Честно сказать, сама она ее не помнила. Для нее весь отцовский персонал был на одно лицо. Понятно, что ее саму, старшую дочку директора, знали все, удивительно было только, что узнали и сейчас. Ей-то казалось – она достаточно поработала над своей внешностью, чтобы изменить юношеский образ. Вместо темной длинной косы – четкая стрижка, призванная подчеркивать серьезность и твердость характера, вместо извечных джинсов и мальчишеских рубашек, за которыми она когда-то прятала неуверенность в себе и боязливость – строгий, возможно, даже немного агрессивный, деловой стиль.

Ей немного неприятно было осознавать, что из-за всей этой тщательно выбранной брони до сих пор проглядывает тогдашняя Саша Воронцова.

– Сашенька, как папа? – не отставала вахтерша. – Золотой человек, дай ему бог сил и здоровья. Мы все за него молимся, ты так и знай!

– Да-да, хорошо. Спасибо! – отозвалась она и, вырвавшись наконец из цепких лап бабульки, заспешила вверх по лестнице.

В коридоре пахло дезинфицирующим средством. Чистота стояла стерильная – Александра помнила, как жестко следил за этим отец. Ни пылинки, ни пятнышка. Белые двери кабинетов прямо-таки сияли чистотой. Удивительно, конечно, что такого строгого и бескомпромиссного директора персонал настолько любит и ценит, что даже молится за него! Впрочем, возможно, вахтерша несколько преувеличила свои чувства, рисуясь перед дочерью директора…

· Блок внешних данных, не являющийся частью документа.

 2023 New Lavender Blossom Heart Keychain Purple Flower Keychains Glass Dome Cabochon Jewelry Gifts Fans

Александра осторожно постучала в тяжелую деревянную дверь с табличкой «главврач Новиков А. П.» и, не дожидаясь ответа, заглянула в кабинет.

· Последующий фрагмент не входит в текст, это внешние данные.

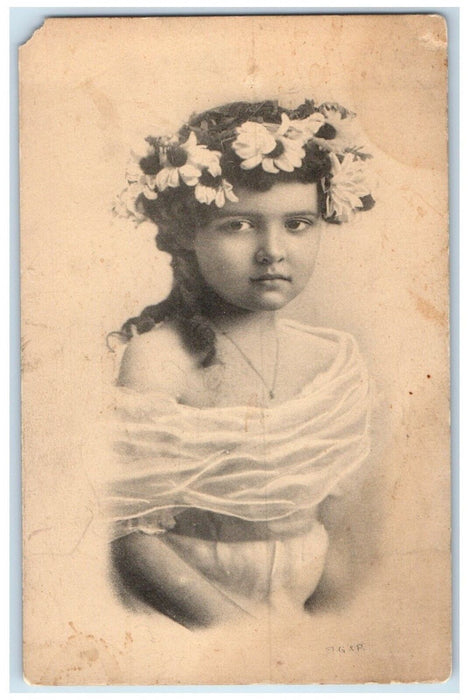 c1910's Pretty Girl Curly Hair Flowers RPPC Photo Unposted Antique Postcard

Андрей стоял у окна, выходившего на задний двор санатория, и говорил по мобильному. Если он и был удивлен, увидев Александру, то не подал виду, быстро кивнув ей, приглашая подождать, пока он не закончит разговор.

– Значит, я могу рассчитывать: послезавтра, в крайнем случае в понедельник, – сказал он кому-то. – Да, дело не терпит, сам понимаешь. Нужно спешить, иначе может быть поздно. Конечно, я подъеду, переговорю с ним сам.

Александра опустилась в кресло для посетителей, напряженно прислушиваясь к репликам Андрея. Было очевидно, что, несмотря на позднее время, разговор шел о работе.

«Нужно спешить… может быть поздно…»

Что может быть поздно?

Скончается действующий директор санатория Воронцов?

Значит, мать была права, и Новиков спешит заручиться министерской поддержкой, чтобы после смерти отца занять место директора?

В чем еще она права?

В том, что Новиков намеренно подсидел отца через своего министерского приятеля и фактически довел его до инсульта?

Эта мысль оставила неприятное скребущее чувство. Отчего-то ей не хотелось думать об Андрее как о интригане и предателе.

Странно. Ей казалось, что все эти годы она именно так о нем и думала.

Выходит, нет?..

Андрей закончил разговор, попрощался и отложил мобильный. Затем поднял глаза на Александру – усталые, поблекшие, словно глубокую синеву присыпало пеплом.